More like his slave, but close enough. [laughs] At this point, though I wanted to be a chef, not just a pastry chef. One day in the kitchen I look over and all the guys that are cooking are sweating and freaking out over all the meal tickets piling up. Meanwhile I've got my list of desserts I need to make but I can leisurely chat with the waitresses and do my own thing. And I realized, I liked my job a lot better than theirs. So I ended up going to school in California for pastry instead of culinary. In the mornings I worked at a place called The French Laundry, then went to school during the day, and at night I would bake bread. And bread-making guys are the salt of the Earth. They're burly men. If you see "Ace of Cakes" you'll notice I'm not a slight guy.
I take it if there were a mosh pit full of bread makers, I should be scared?
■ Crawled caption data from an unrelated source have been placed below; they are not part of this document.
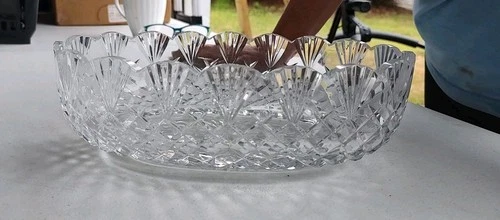 Waterford Crystal Heritage MASTER CUTTER 11" OVAL Serving Bowl Vintage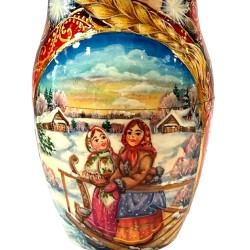 Poupées russes de collection - Matriochka  "Troyka"- 7 Pcs.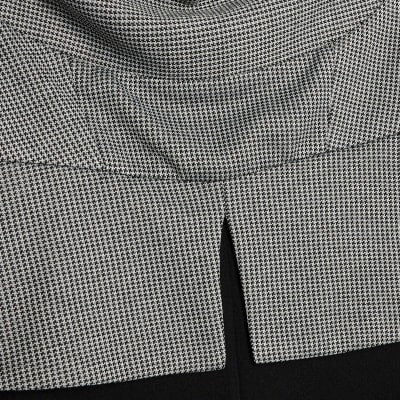 Black Sleeveless Cowl Neck Hybrid Jumpsuit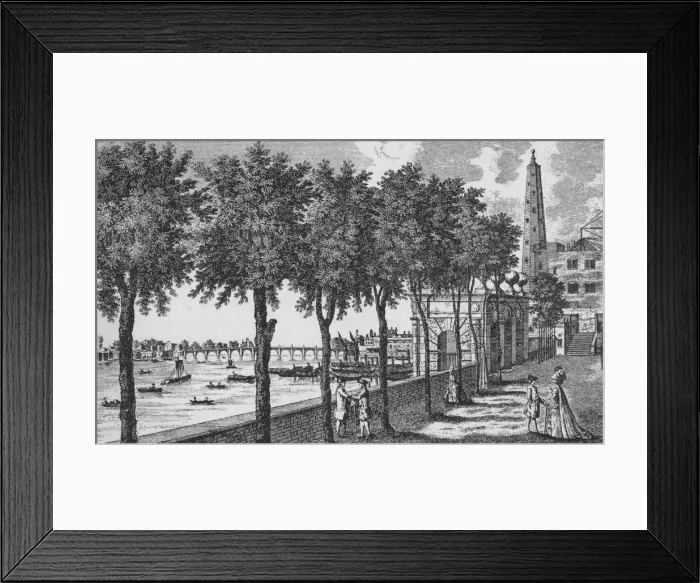 Framed Print : York Watergate, Westminster, 1784 (1911). Artist: Alexander Hogg Framed Print : York Watergate, Westminster, 1784 (1911). Artist: Alexander Hogg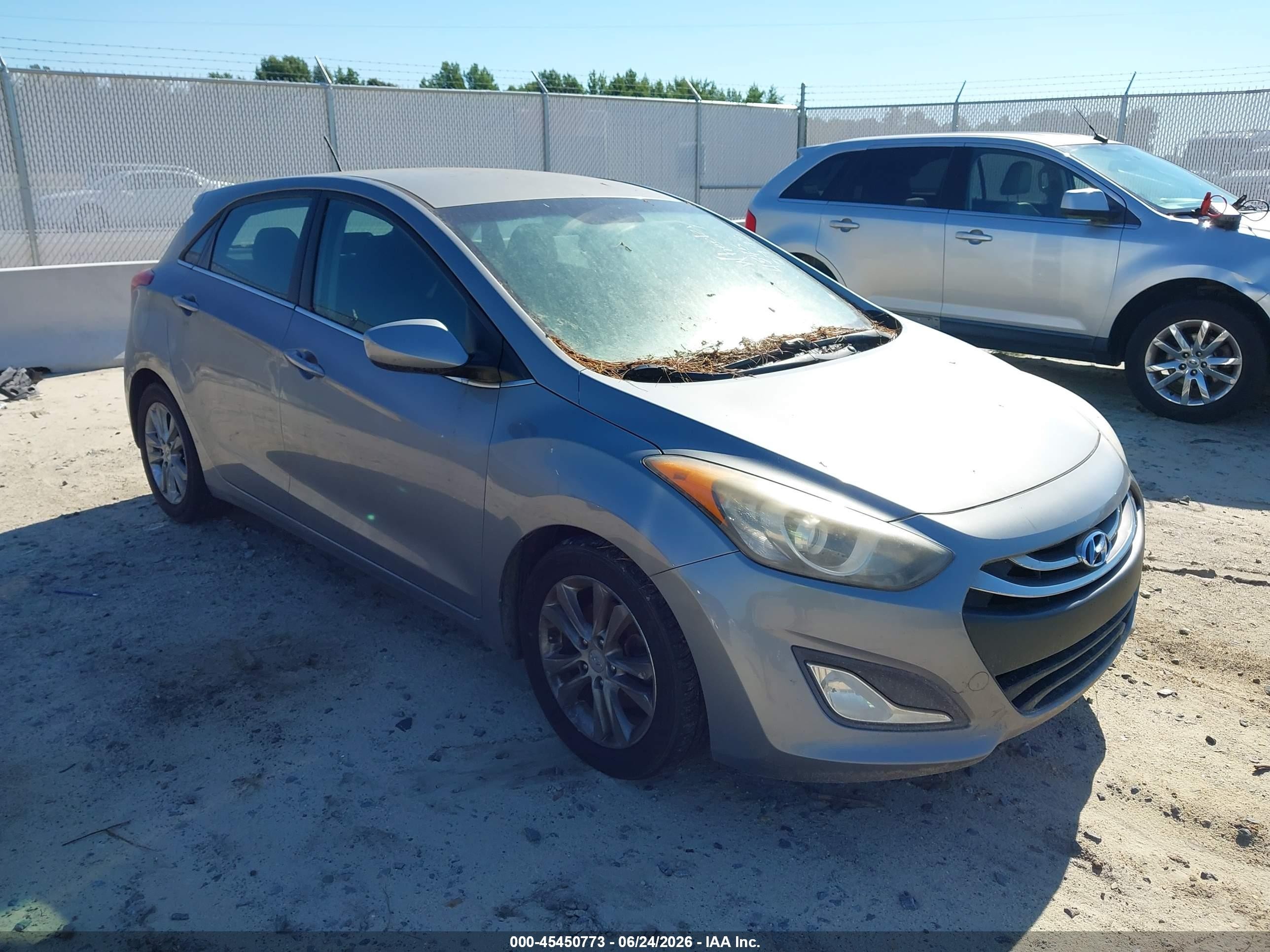 2014 Hyundai Elantra Gt   Gray vin: KMHD35LH3EU167018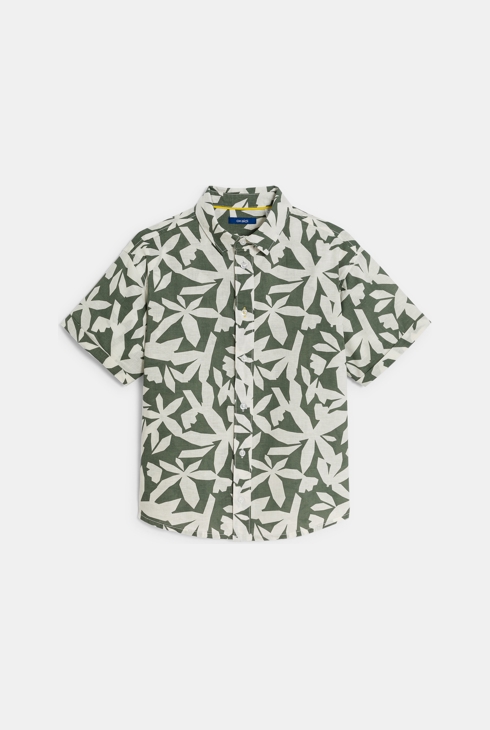 Boy's khaki printed shirt 2
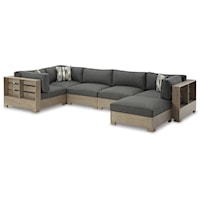 Casual 6-Piece Outdoor Sectional Sofa
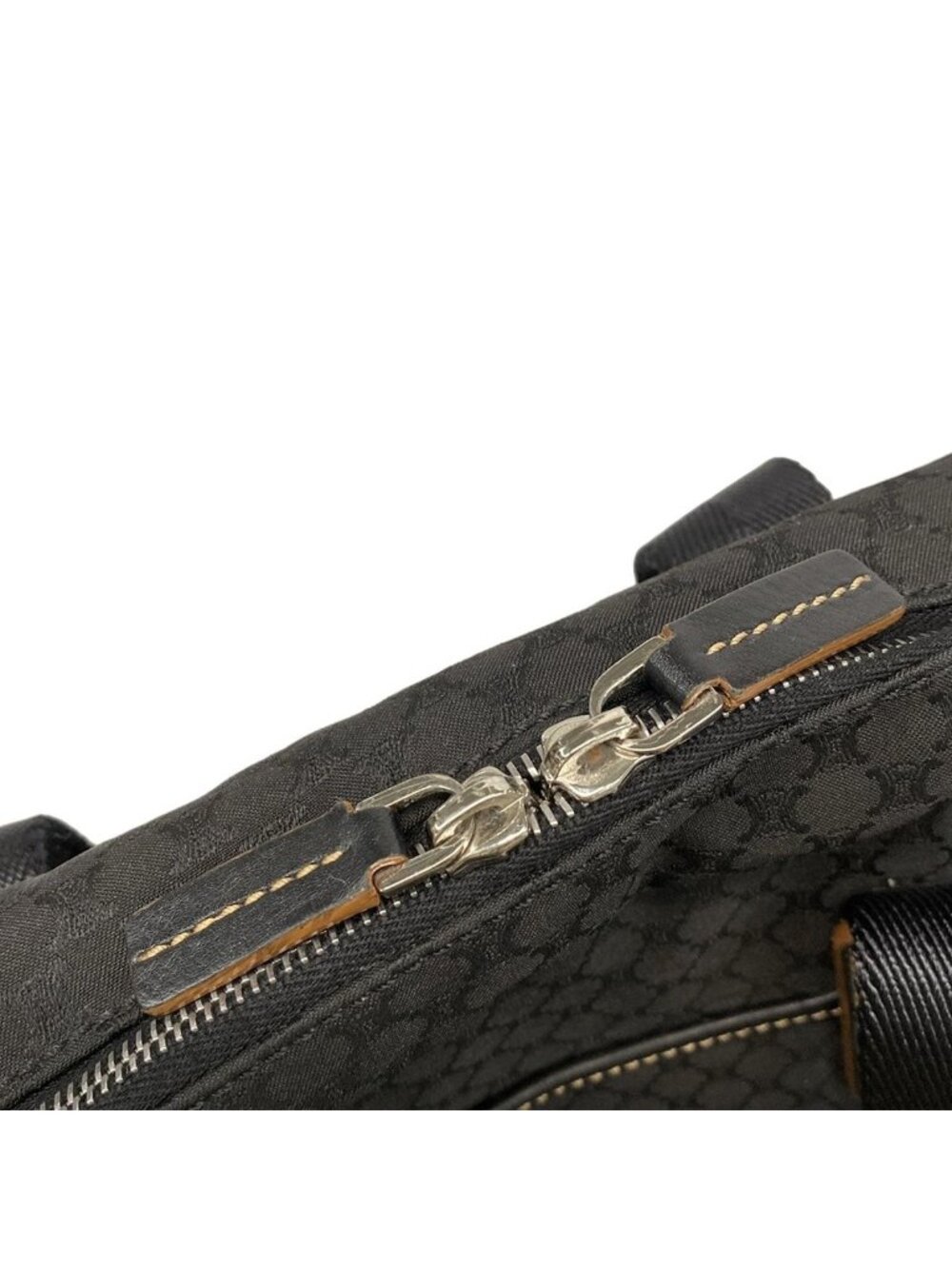 ★SOLD★ Celine Boston Bag Macadam Pattern Black Leather - Picture 11 of 15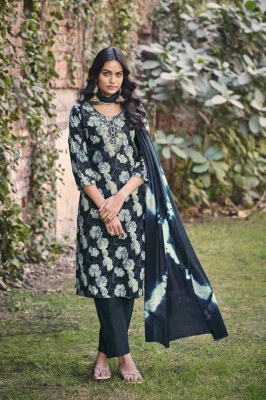Sunshine by Summer collection Cotton flex discharge print kurti bottom with dupatta collection readymade suit catalogs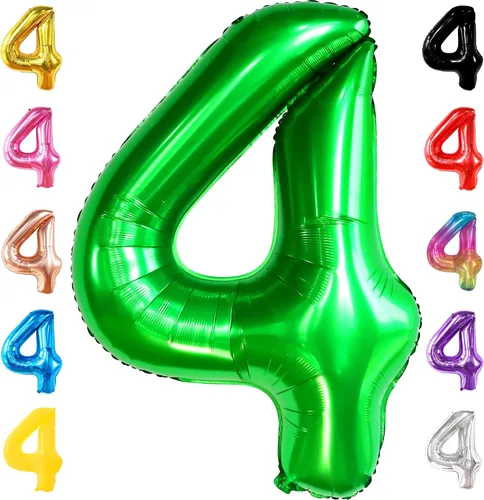 Vista 64 de KatchOn Globo negro del número 1 de 40 pulgadas, globo de feliz cumpleaños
Yes! [laughs] So at school everyone saw me as the bread-baking redneck. I could take apart a car and put it back together. I would show up to school with part of my leg missing because I rode mountain bikes pretty recklessly. I had a Jeep with a roof rack, and I'd be blasting some kind of death metal. The other students probably looked at me like a psycho. Towards the end of our semester we started decorating cakes. Nobody knew I already had an art background. So I started making crazy stuff.
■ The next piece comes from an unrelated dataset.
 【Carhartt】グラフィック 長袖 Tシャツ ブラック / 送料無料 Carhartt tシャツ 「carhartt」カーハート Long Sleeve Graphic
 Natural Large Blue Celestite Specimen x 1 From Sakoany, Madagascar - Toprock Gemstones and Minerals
What was the first cake you decorated that impressed everyone at school?
It was a three-tiered cake with New Zealand-style string work with icing from bottom to the top -- totally not what you're suppose to do. And everyone was like, "Who is this guy?!" And when they handed me an airbrush to decorate with; I figured it was like a can of spray paint only smaller. My graffiti art skills came into play. Same thing happened when I was given modeling tools, my sculpting background came in handy.
My teachers said I should go into cake decorating as a career, but at the time I still wanted to be a pastry chef. After school, I ended up going to Vail, Colorado to hang out with some friends and went in search of a high-profile position at one of the restaurants there. I ended up at Vail Cascade which was a fancy hotel/spa/gym. The head chef checked all my references when I handed him my resumé, probably because I didn't look anything like a typical pastry chef. [laughs] But I ended up getting a job as the executive pastry chef and I was only 23.
Well, you do look more like the bass player for Clutch.
You know, Mary Alice on our show? Well, her older brother is the lead singer for Clutch. His wedding cake was the first cake I ever did on my own. I made their bass player -- Dan Maines -- his wedding cake as well.
After I worked in Vail, I went to Washington D.C. for a while to work with chef Todd English. I was the pastry chef sent around the country to help open up Todd's latest restaurant and train the new chefs about the desserts he wanted on the menu. I was starting to get really overworked. My day began at 3 a.m. baking, and then I had to work dinner shifts too. So I decided I should quit and start working for myself in Baltimore.
My first employee was Geof who was making architectural models at the time and was burnt out and wanted to do something different, so he started decorating cakes. My second employee was also a model maker. Everyone who works at Charm City Cakes has an art background as opposed to culinary school training.